Vittamed is een in Litouwen gevestigde vennootschap, die zich bezighield met technisch wetenschappelijk onderzoek en de praktische toepassingen ervan. Sinds 1 maart 2012 heeft deze vennootschap geen leveringen van goederen of diensten meer verricht waarover btw verschuldigd was. Vittamed heeft in 2012 en 2013 goederen en diensten ingekocht ten behoeve van de vervaardiging van immateriële (licenties) en materiële investeringsgoederen (prototypes van apparaten). Zij was voornemens die investeringsgoederen te gebruiken voor haar toekomstige belaste activiteit. De voorbelasting die samenhangt met de ingekochte goederen en diensten heeft Vittamed in aftrek gebracht. 

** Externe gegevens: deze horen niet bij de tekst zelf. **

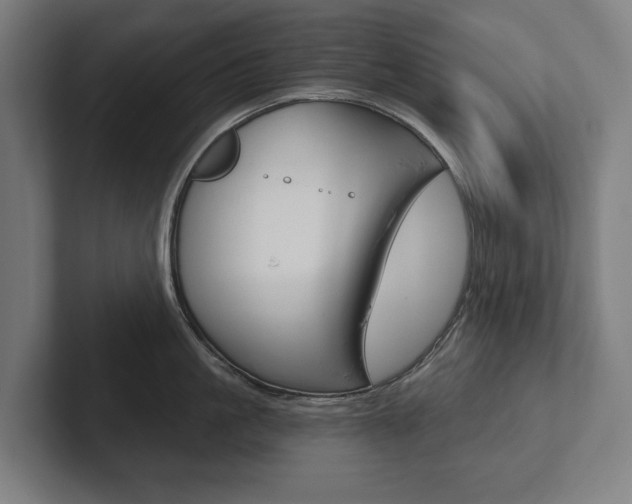 X0000102800861200808180931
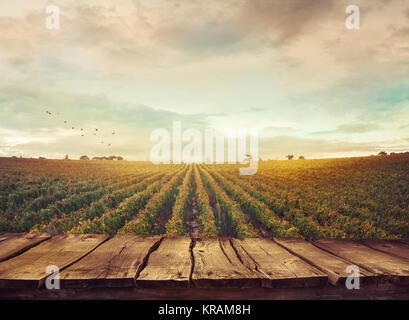 Weinberg im Herbst Stockfoto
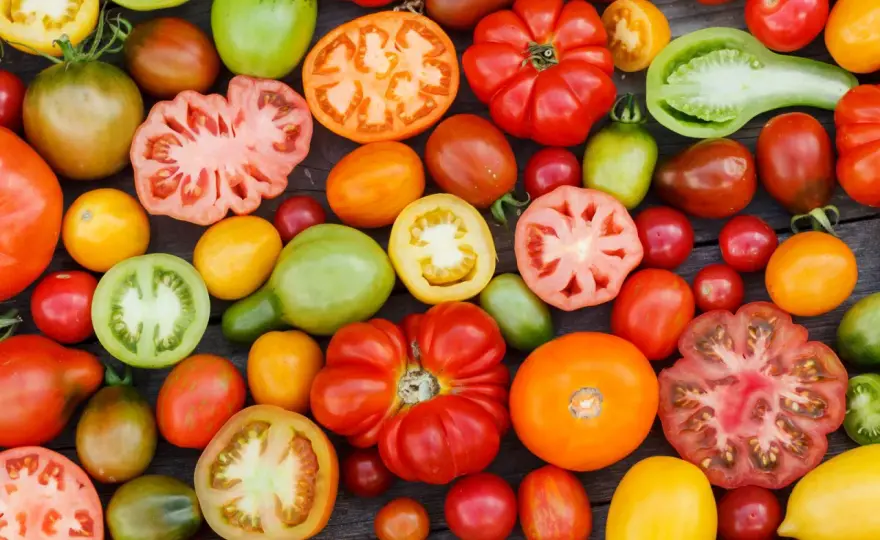 Tomatensorten-Namen verstehen und die passende Sorte wählen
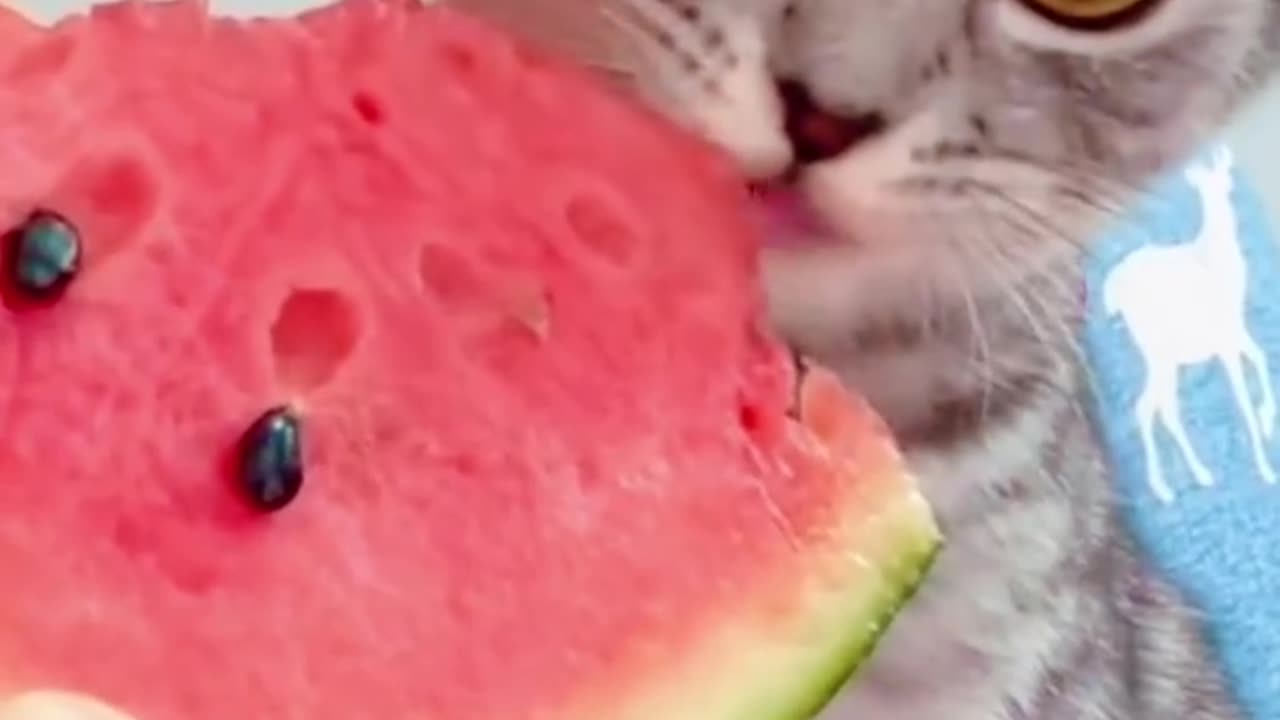 When cat's taste something for the first time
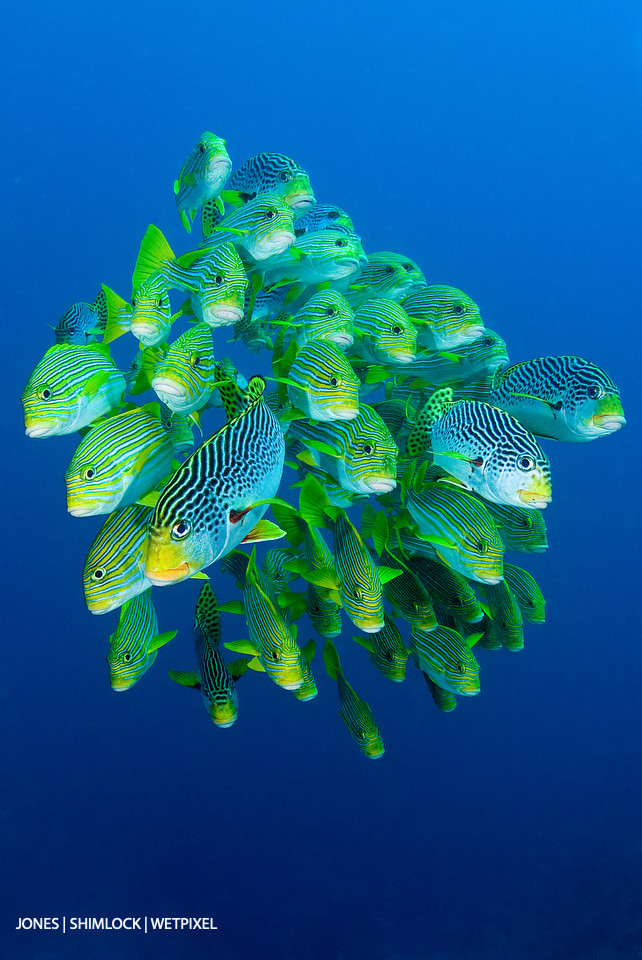 2008: "Castle Rock", Gili Lawa Laut, Komodo National Park, Indonesia. Mixed school - Ribbon Sweetlips (*Plectohinchus polytaenia*) & Diagonal Banded (*P. lineatus*)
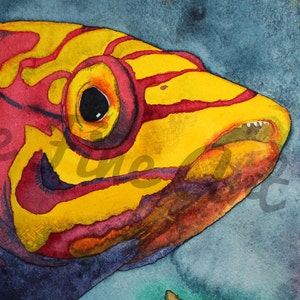 May include: Watercolor painting of a fish with red, yellow, and purple stripes. The fish has a large eye and an open mouth with visible teeth. The background is a blue-grey color.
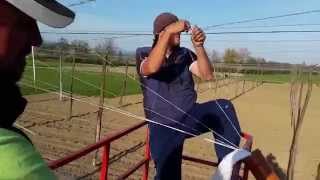 Twining - Twine Hops - Slovenia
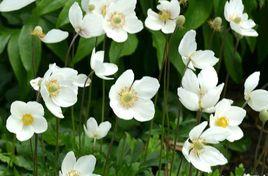 大花銀蓮花 大花銀蓮花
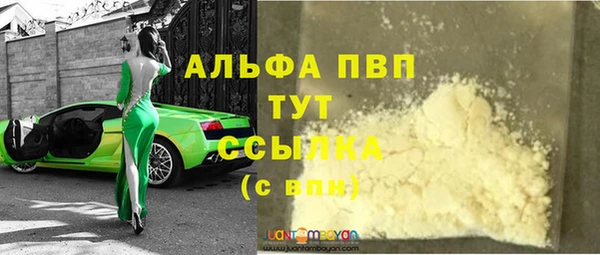 шишки Белоозёрский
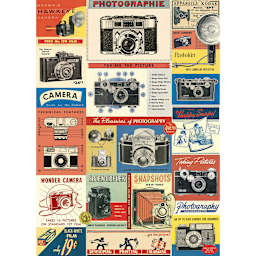 Cavallini Vintage Cameras Printed Paper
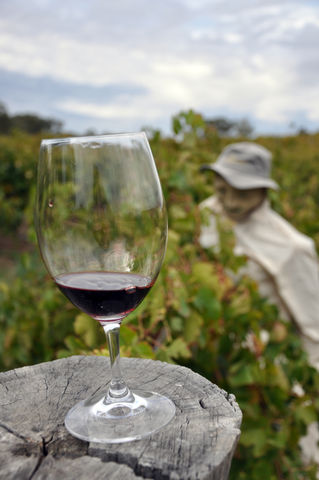 你與杯酒有仇？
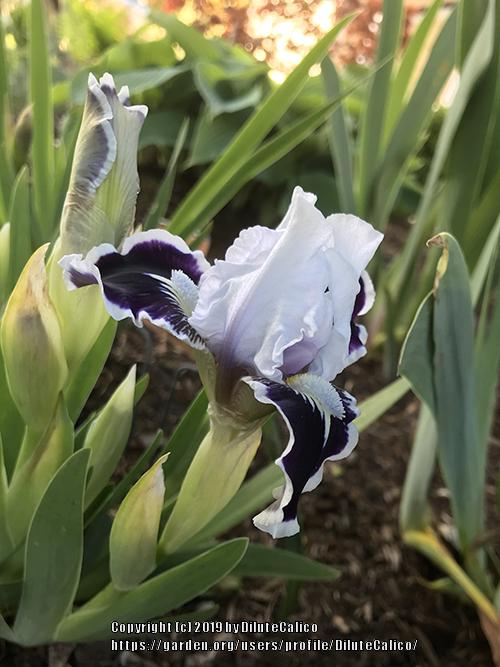 Photo of Standard Dwarf Bearded Iris (Iris 'Puddy Tat') uploaded by DiluteCalico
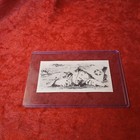 Nva   Vietcong Vietnam War Original  Authentic Trail Death Card  Free Shipping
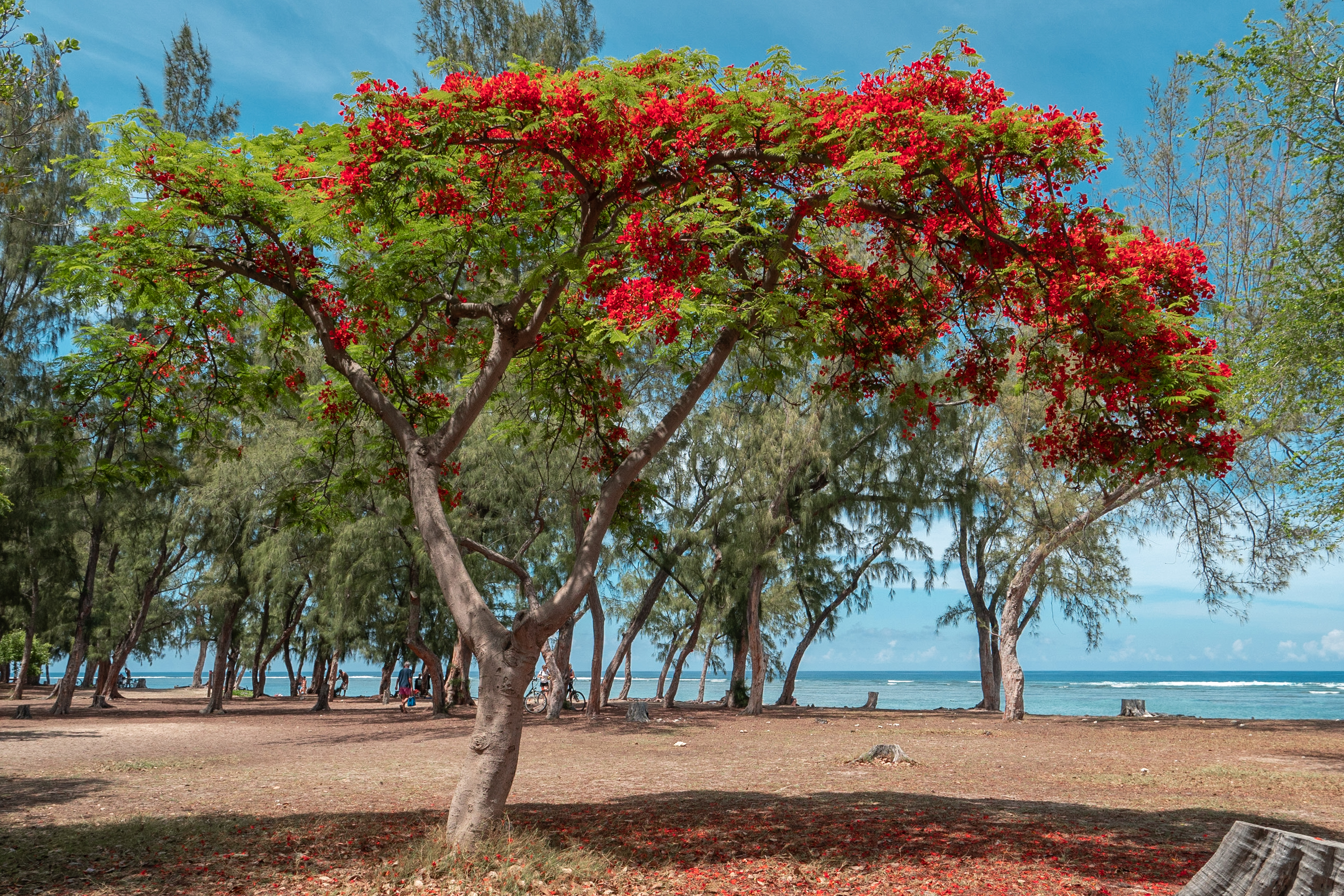 flamboyant sur le bord du lagon à l'ile de La Réunion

De beoogde belaste activiteit komt echter nooit van de grond vanwege het uitblijven van bestellingen en potentiële inkomsten. In 2015 wordt daarom besloten de activiteiten van Vittamed te beëindigen. Bij de btw-aangifte over het laatste tijdvak waarin Vittamed ondernemer was heeft Vittamed de btw niet herzien. De vraag die centraal staat in deze zaak is of Vittamed de eerder in aftrek gebrachte voorbelasting met betrekking tot de verwerving van goederen en diensten met het oog op de vervaardiging van investeringsgoederen had moeten herzien. Die vraag wordt gesteld omdat de vervaardigde investeringsgoederen uiteindelijk niet zijn gebruikt voor de belaste economische activiteiten van Vittamed en ook vaststaat dat deze nooit zullen worden gebruikt omdat de vennootschap is geliquideerd.

Oordeel Hof van Justitie

Het Hof van Justitie oordeelt dat een belastingplichtige wel gehouden is de aftrek van de voorbelasting te herzien met betrekking tot de verwerving van goederen of diensten met het oog op de vervaardiging van investeringsgoederen, indien de vervaardigde investeringsgoederen niet zijn gebruikt voor belaste economische activiteiten en daarvoor nooit zullen worden gebruikt, omdat de eigenaar of de enige aandeelhouder van deze belastingplichtige heeft besloten om hem in liquidatie te stellen en het verzoek om die belastingplichtige te verwijderen uit het register van btw-plichtigen is ingewilligd.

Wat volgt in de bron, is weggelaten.